Final report on accident of Robinson R22 Beta II helicopter published

     The investigation team of the Air Accident Investigation Authority (AAIA) today (June 17) published the final report (1/2019) on the investigation into an aircraft accident that occurred at Shek Kong Airfield on October 23, 2016, involving a Robinson R22 Beta II helicopter (registration mark B-HJU) operated by a flying instructor of the Hong Kong Aviation Club.
 
     The accident occurred when the instructor, based on traffic considerations, landed the helicopter on a grass strip which runs parallel to the runway. When the traffic was clear, the instructor attempted to lift off again to continue to hover-taxi but the fronts of both skids were entangled with the grass.

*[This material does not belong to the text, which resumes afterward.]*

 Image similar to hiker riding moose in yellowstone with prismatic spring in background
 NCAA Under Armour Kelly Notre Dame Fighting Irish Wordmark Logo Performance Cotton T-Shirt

The helicopter subsequently rolled over forward and rested on its left side. The engine stopped on impact. The helicopter sustained substantial damage. The instructor suffered some minor injuries while a student pilot onboard was not injured. The occurrence was classified as an accident according to the criteria of the International Civil Aviation Organization (ICAO).
 
     “The investigation report was published by the AAIA with the objective of identifying the circumstances and causes of the accident with a view to preventing recurrence,” an AAIA spokesperson said.
 
     The investigation was conducted by a team of professional investigators in strict adherence to international standards established by the ICAO. The investigation identified that the probable cause of the accident was a dynamic rollover caused by an uncontrollable angular momentum that was created by the instructor’s attempt to lift off with the fronts of both the helicopter’s skids entangled with long grass. The investigation team made two safety recommendations, mainly suggesting enhanced pilot awareness on dynamic rollover and the management of the grass area at the Shek Kong Airfield, which is used for takeoff and landing by helicopters.
 
     Throughout the investigation, all parties concerned were properly consulted on the report. The report is available for download at the AAIA webpage (www.thb.gov.hk/aaia/eng/investigation_reports/index.htm).